→ STORED DATA
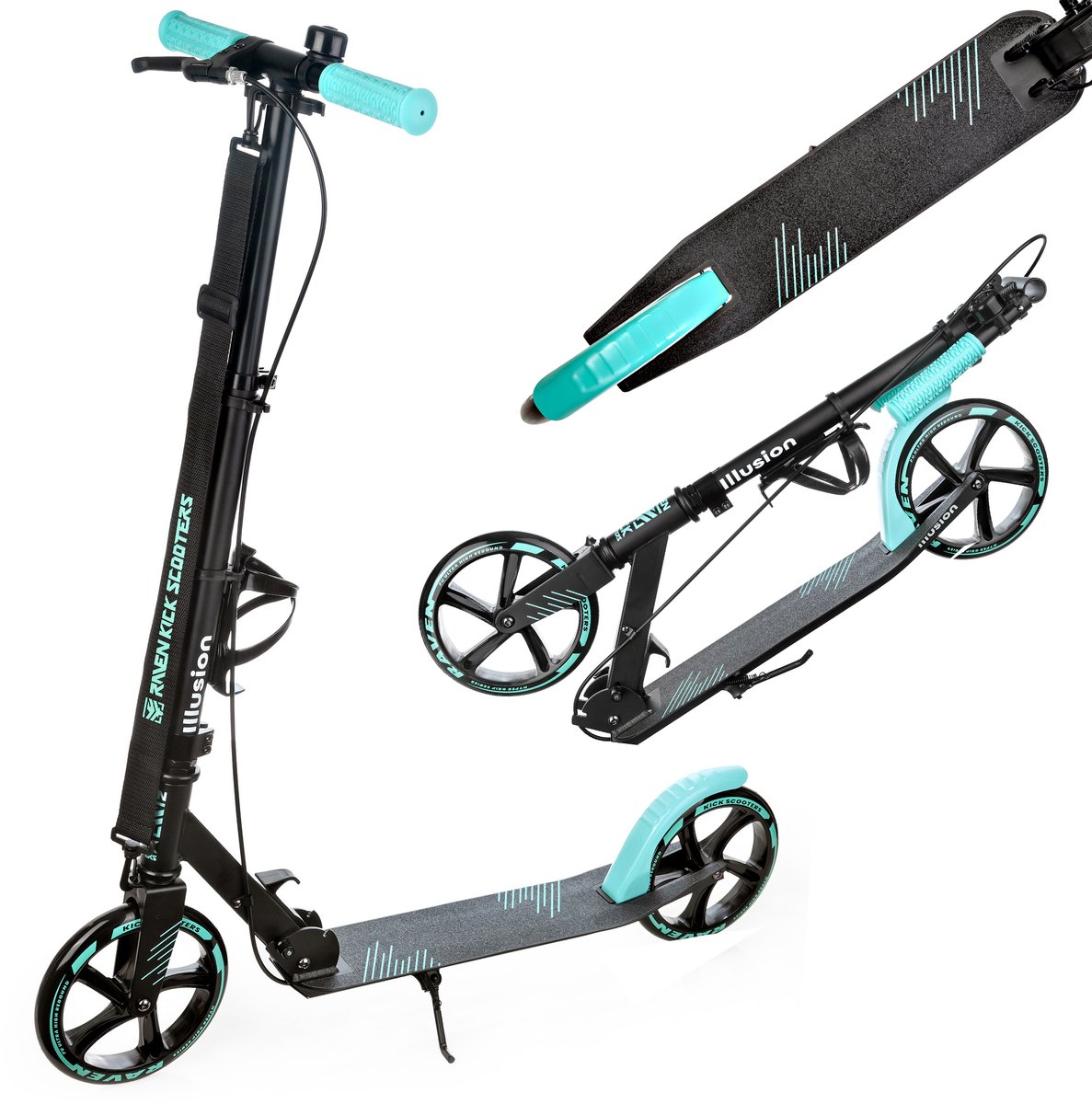 RAVEN Illusion Mintgroen 200mm met rem, bel en bidonhouder Step kopen online
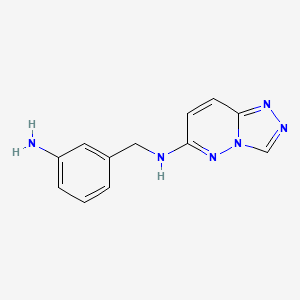 molecular formula C12H12N6 B2849474 N-(3-aminobenzyl)[1,2,4]triazolo[4,3-b]pyridazin-6-amine CAS No. 1807979-92-5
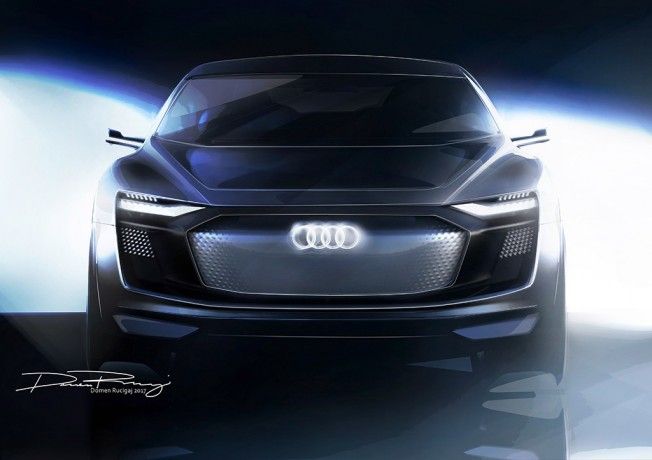 Audi e-tron Sportback Concept - boceto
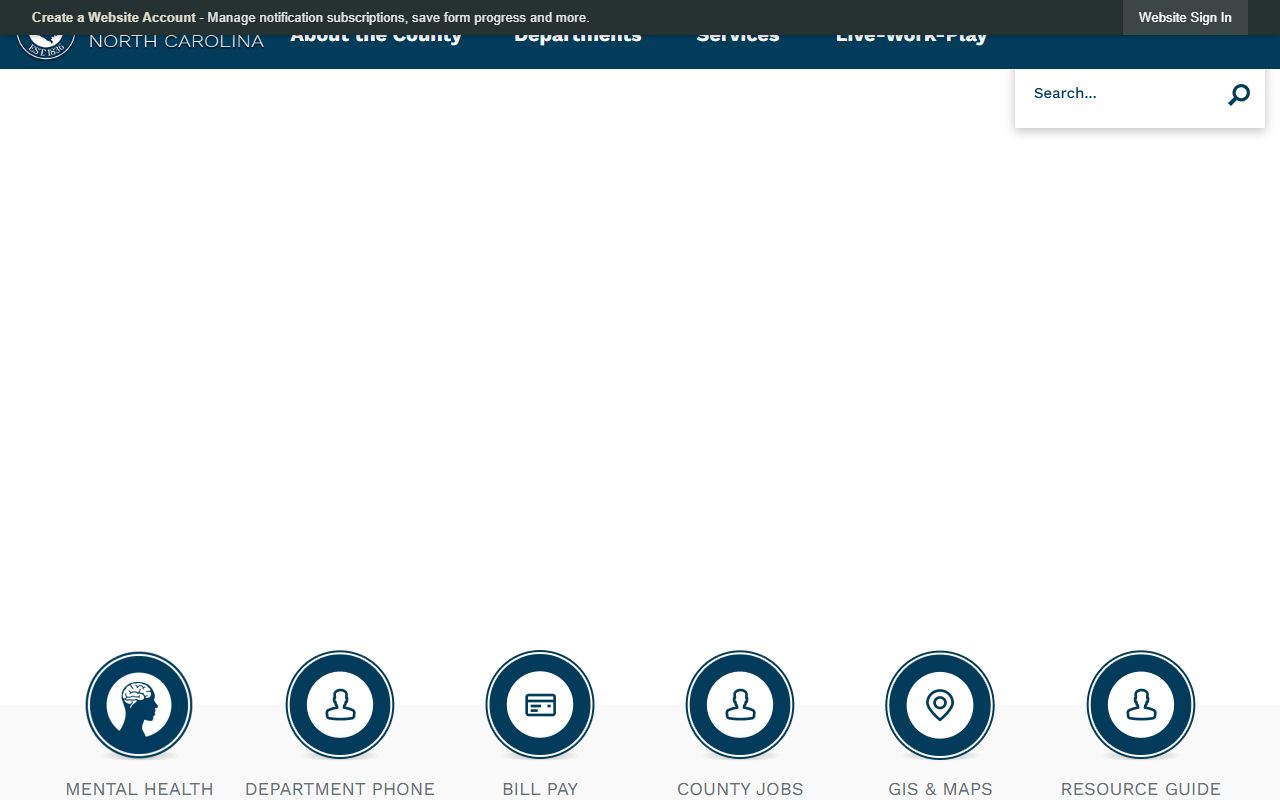 Davie County government website for property records and unclaimed money research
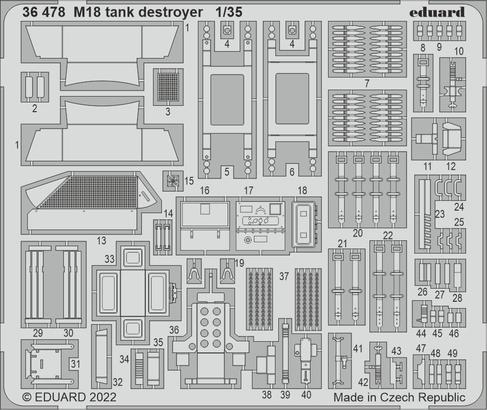 M18 tank destroyer 1/35 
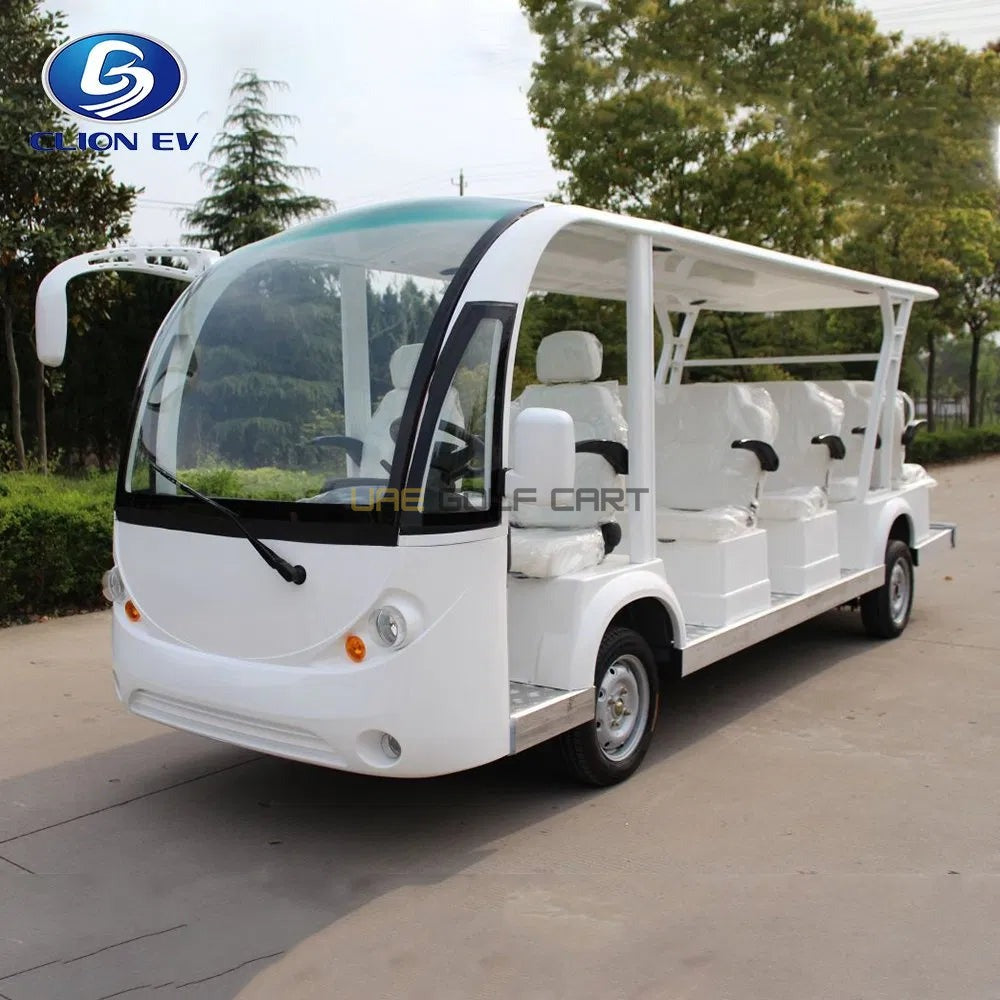 Buy 14 Passenger Electric Shuttle Bus with 100 km Range and 7.5kW Motor - Sightseeing Electric Buses - 14 Seater at UAE Golf Cart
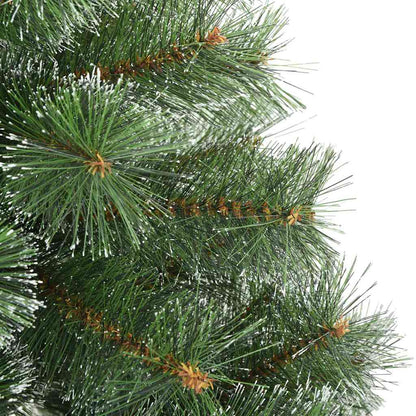vidaXL Künstlicher Weihnachtsbaum mit 300 LEDs Grün 240 cm PE und PVC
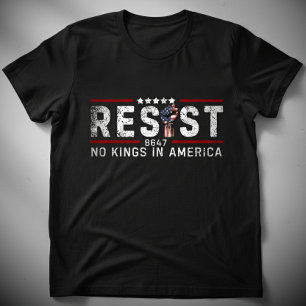 Camiseta Resistir Retro Ningún Rey En América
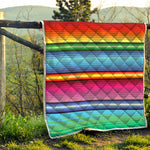 Cinco De Mayo Mexican Stripe Print Quilt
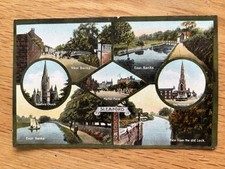 Multiview postcard sleaford for sale  ST. IVES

→ REQUIREMENT
Please retype the entries above word for word, but only from the line containing "Audi e-tron Sportback Concept - boceto" through the last line, and without the pictures.

→ RESULT
 Audi e-tron Sportback Concept - boceto
 Davie County government website for property records and unclaimed money research
 M18 tank destroyer 1/35 
 Buy 14 Passenger Electric Shuttle Bus with 100 km Range and 7.5kW Motor - Sightseeing Electric Buses - 14 Seater at UAE Golf Cart
vidaXL Künstlicher Weihnachtsbaum mit 300 LEDs Grün 240 cm PE und PVC
 Camiseta Resistir Retro Ningún Rey En América
 Cinco De Mayo Mexican Stripe Print Quilt
 Multiview postcard sleaford for sale  ST. IVES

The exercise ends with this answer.